:: Recorded information
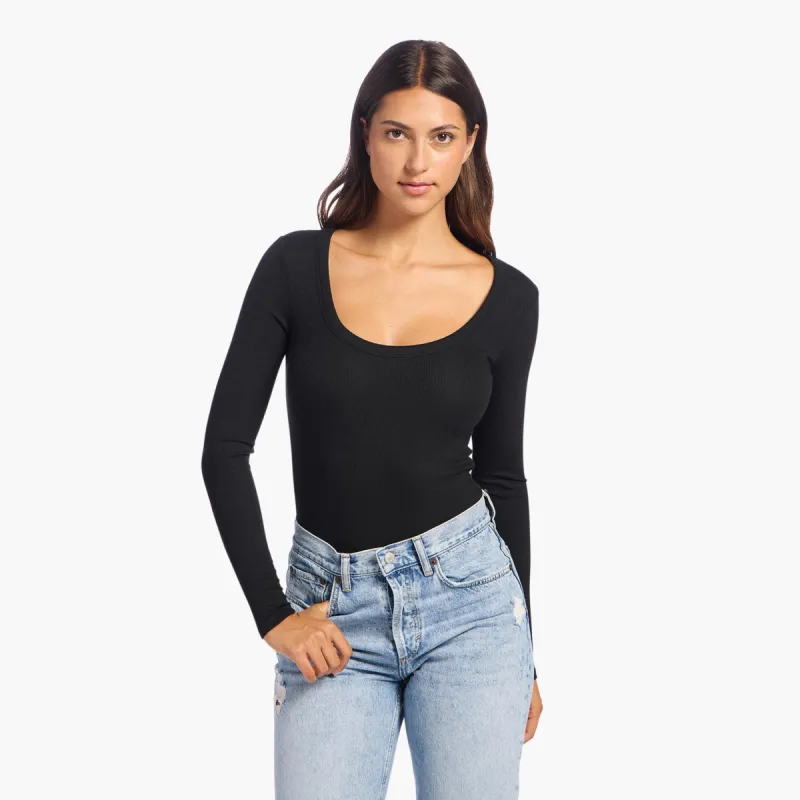 Slinky Rib Long Sleeve Bodysuit | Black sold by nuuds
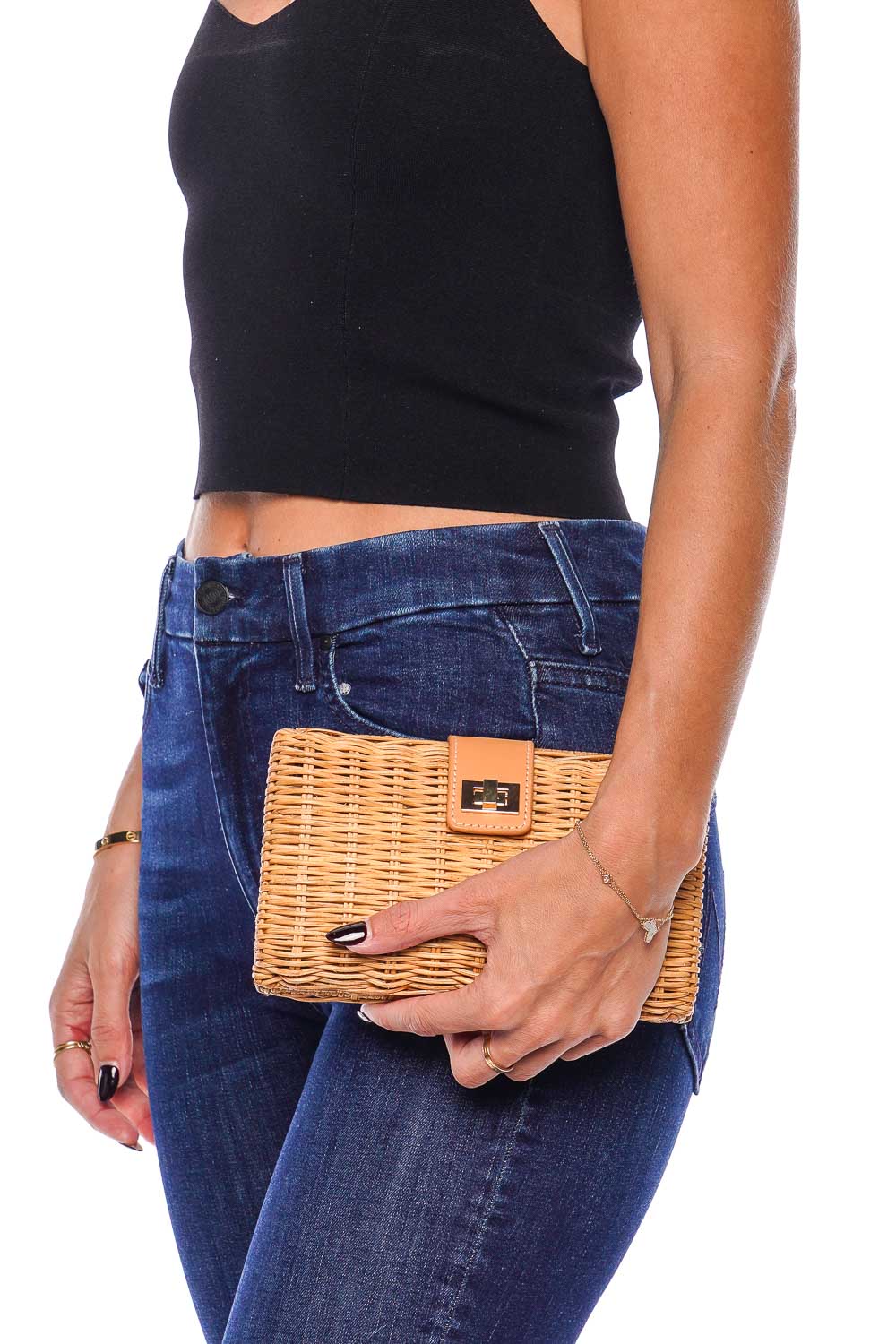 Lou Natural Wicker Straw Clutch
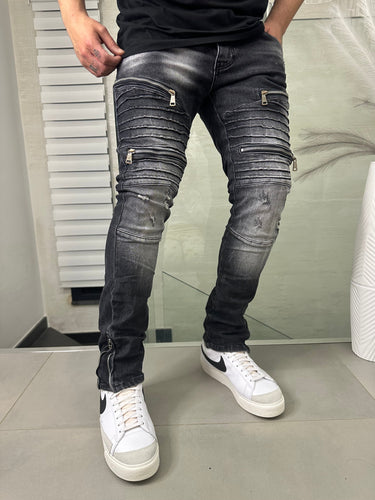 Jeans biker  grigio stumaro multi zip art David  dav1033-2.jpeg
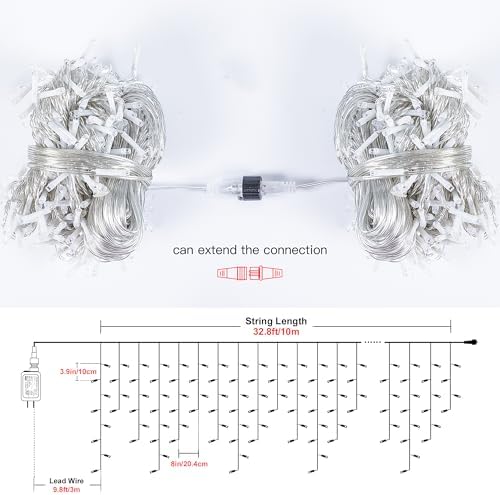 300 LED Red Icicle Lights,33FT Christmas Lights Outdoor - Image 4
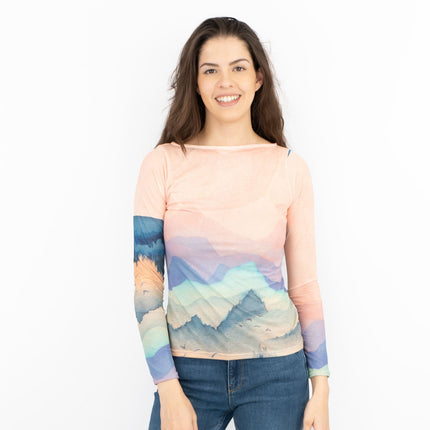 Karen Millen Pink Landscape Boat Neck Long Sleeve Tops-Quality Brands Outlet-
::::
Problem to work on: Write all the entries again word for word, minus the pictures.

Finished exercise:
 Slinky Rib Long Sleeve Bodysuit | Black sold by nuuds
 Lou Natural Wicker Straw Clutch
 Jeans biker  grigio stumaro multi zip art David  dav1033-2.jpeg
 300 LED Red Icicle Lights,33FT Christmas Lights Outdoor - Image 4
 Karen Millen Pink Landscape Boat Neck Long Sleeve Tops-Quality Brands Outlet-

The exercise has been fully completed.